The docker backend runs the command in a throwaway container built from an image with the target repo’s toolchain baked in. serge runs it roughly as:

docker run --rm --init --network none --read-only \
  --tmpfs /tmp --cap-drop ALL --security-opt no-new-privileges \
  --pids-limit 512 --user <serge-uid>:<serge-gid> \
  --volume <worktree>:<worktree>:rw --workdir <worktree> \
  <TASK_NORMALIZE_IMAGE> bash -lc 'make style && make fix-repo'
  1. Write a Dockerfile that installs the toolchain the normalizer needs — and nothing it doesn’t (no torch / model deps for make fix-repo). See docker/Dockerfile.task-runner for a worked transformers example (just the [quality] extra).

  2. Build and tag it, pinning versions so the normalizer produces the same output the repo’s own CI would:
    docker build -f docker/Dockerfile.task-runner \
      --build-arg TRANSFORMERS_REF=main \
      -t serge/transformers-quality:latest .
    

    Build it wherever serge runs (it must be present in the local Docker daemon — serge never pulls at normalize time, and the container has no network). Rebuild when the repo bumps its pinned tool versions.

  3. Point serge at it via TASK_NORMALIZE_IMAGE.

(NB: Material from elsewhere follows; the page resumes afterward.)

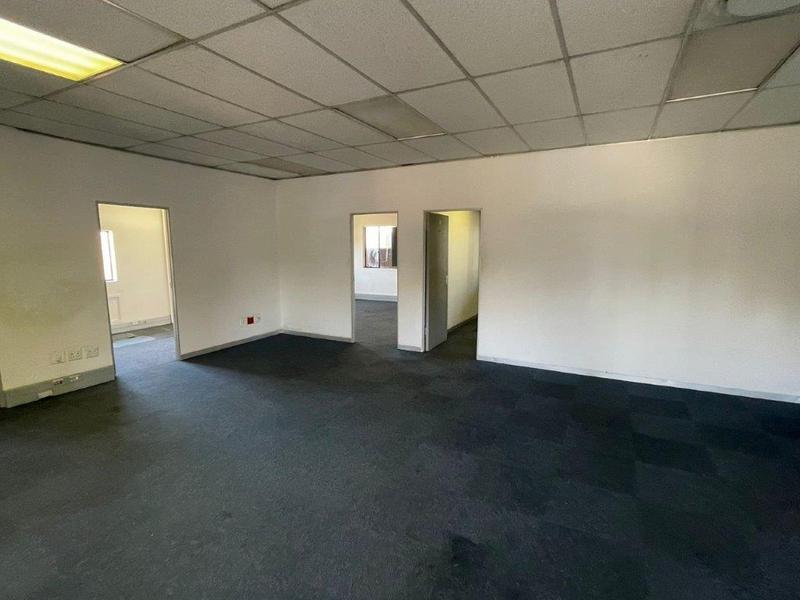 To Let commercial Property for Rent in Halfway House Gauteng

Constraints on the image / command

  • Deps must be baked in. The container has no network; pip install at run time will fail. Install everything at build time.
  • No .pyc writes to site-packages — the rootfs is read-only. serge sets PYTHONDONTWRITEBYTECODE=1; informational.
  • The command must not need git history or remotes. The checkout is a detached git worktree whose gitdir lives outside the bind mount, and there is no network, so commands that fetch/diff against origin won’t work. File-based normalizers (make fix-repo, ruff, codegen) are fine — serge does the staging/diffing itself, on the host, after the command runs.

The bwrap fallback

If you don’t set an image (or set TASK_SANDBOX_BACKEND=bwrap), the command runs under bubblewrap using serge’s own venv — viable only when the command needs no dependencies beyond what serge already has installed. make fix-repo for transformers needs the [quality] toolchain, so use the docker backend for it.

Configuration

See configuration for the full env var table. The minimum for transformers:

TASK_NORMALIZE_COMMAND=bash -lc 'make style && make fix-repo'
TASK_NORMALIZE_IMAGE=serge/transformers-quality:latest
TASK_SANDBOX_BACKEND=docker

The per-repo write opt-in (task_write_enabled on the repo’s provider config) is the same as for the LLM task flow — the hook commits through the same path.

Guiding the model

The model is always told to fix the root cause and to use suppressions (# noqa, # type: ignore) only as a last resort. You can add more policy two ways, both repo-agnostic:

  • TASK_NORMALIZE_GUIDANCE — operator free-text appended to the system prompt and to the normalize-failure feedback (e.g. “never add a new dependency to satisfy a check”).
  • The repo’s conventions file (REVIEW_RULES_PATH, default .ai/review-rules.md; can point at AGENTS.md) — read from the checked-out branch and injected into the patch-writing prompt, so the model knows the repo’s rules (e.g. “edit modular_*.py, never the generated modeling_*.py”) before it writes the patch, not just after the normalizer rejects it.

Security model

Same trust boundary as the LLM task flow, with stronger isolation for running the repo’s build code:

  • No secrets in the sandbox. The command gets a scrubbed env; the docker container additionally has no network, a read-only rootfs, all capabilities dropped, no-new-privileges, and a pids cap.
  • serge owns the git write. The command only mutates a throwaway worktree; serge commits via the Git Data API. The installation token never enters the container.
  • Operator-controlled command and image. Both TASK_NORMALIZE_COMMAND and TASK_NORMALIZE_IMAGE are set by the operator, never by the caller.
  • The result is a PR a human reviews before merge.